The E & M Wing has made a number of references to the ICAP on different issue. A reference was made to the ICAP regarding non-compliance by the companies and the auditors to the requirements of IAS-25 and TR-23 issued by the ICAP regarding evaluation of investments in shares of the listed companies. The Institute furnished its reply on which it was advised to take corrective measures in the matter. The Institute finally issued a Circular (No.17/99) to its Member, both in practice and those working in Industry, to abide the requirements of the above referred standard and TR in letter & spirit.

L Treatment of surplus arising out of revaluation of fixed assets (section 235)

Where a company revalues its fixed assets, the increase in, or sums added by writing up of, the value of such assets as appearing in the books of accounts of the company shall be transferred to an account to be called "Surplus on Revaluation of Fixed Assets Account" and shown in the balancesheet of the company after Capital and Reserves.

The SECP is carrying out an exercise to ascertain the impact of revaluation of fixed assets on profit and Loss account of listed companies and in this connection all the companies which have revalued their fixed assets were asked to give the requisite information and most of the companies have furnished required information. The M&E Division intends to take a policy decision in the matter so that the profits of the companies, which have revalued their assets are not suppressed due to this factor and the shareholders may continue to get adequate return on their investments.

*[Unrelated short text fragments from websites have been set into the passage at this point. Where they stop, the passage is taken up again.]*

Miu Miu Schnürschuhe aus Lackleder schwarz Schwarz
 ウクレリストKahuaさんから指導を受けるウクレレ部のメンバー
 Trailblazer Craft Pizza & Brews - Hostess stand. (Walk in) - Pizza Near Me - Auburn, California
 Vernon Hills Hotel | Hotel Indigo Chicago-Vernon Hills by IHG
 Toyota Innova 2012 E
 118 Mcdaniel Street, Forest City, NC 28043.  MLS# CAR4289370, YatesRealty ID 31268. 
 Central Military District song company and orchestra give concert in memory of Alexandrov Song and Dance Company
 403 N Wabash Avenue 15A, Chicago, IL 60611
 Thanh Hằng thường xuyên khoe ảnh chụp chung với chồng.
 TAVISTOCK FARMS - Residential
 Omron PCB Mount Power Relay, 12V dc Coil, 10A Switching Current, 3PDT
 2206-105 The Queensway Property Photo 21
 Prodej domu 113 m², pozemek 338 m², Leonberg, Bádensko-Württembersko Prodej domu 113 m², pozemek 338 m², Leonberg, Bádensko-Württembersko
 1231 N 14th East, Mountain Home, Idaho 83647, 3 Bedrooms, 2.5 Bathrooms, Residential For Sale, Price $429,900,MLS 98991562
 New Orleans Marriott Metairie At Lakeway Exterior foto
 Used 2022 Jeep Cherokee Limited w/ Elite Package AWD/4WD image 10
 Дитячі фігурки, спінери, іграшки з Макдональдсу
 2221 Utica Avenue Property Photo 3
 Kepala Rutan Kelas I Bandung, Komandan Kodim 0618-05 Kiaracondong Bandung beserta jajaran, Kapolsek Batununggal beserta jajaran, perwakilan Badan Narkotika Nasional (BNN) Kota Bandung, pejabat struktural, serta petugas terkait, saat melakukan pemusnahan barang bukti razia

M. Unlawful with-holding of payment of dividend

Section 251 of the Companies Ordinance, 1984 provides that when a dividend has been declared by a listed company, it shall not be lawful for the directors of the company to withheld or defer payment of dividend and Chief Executive of the company shall be responsible to make payment of dividend, in the manner, provided in Section 250 ibid within 45 days of the declaration. M/s. Quality Steel Mills Limited declared 10% dividend for the period ended 30.06.1998 in the AGM held on 26.08.1999 and have failed to make payment of the dividend to all the shareholders of the company within prescribed limit of the declaration of dividend. Similarly M/s. United Sugar Mills Limited declared 5% interim dividend for the half year ended on 31.03.1999 and have also failed to make the payment to all the shareholders for which both the companies have been issued show cause notices under Section 251 of the Companies Ordinance, 1984. The Commission intends to file prosecution proceedings against the managements of these companies for unlawful withholding of payment of dividend to their shareholders.

N. Actions against the auditors

The E & M Wing has also started actions against the auditors for not giving proper audit reports. In one case notice under Section 260 has been issued. Efforts are made that auditors become more responsible while giving their reports on the accounts of the listed companies.

O. Complaints received from the shareholders/stock exchanges

The M&E Division has started taking immediate actions on the complaints which are received from the shareholders of the Stock Exchanges against the management of the listed companies. During the period under review, large number of complaints were received from the shareholders/Karachi Stock Exchange out of which necessary actions were completed in most of the cases whereas remaining cases are under examination/finalization.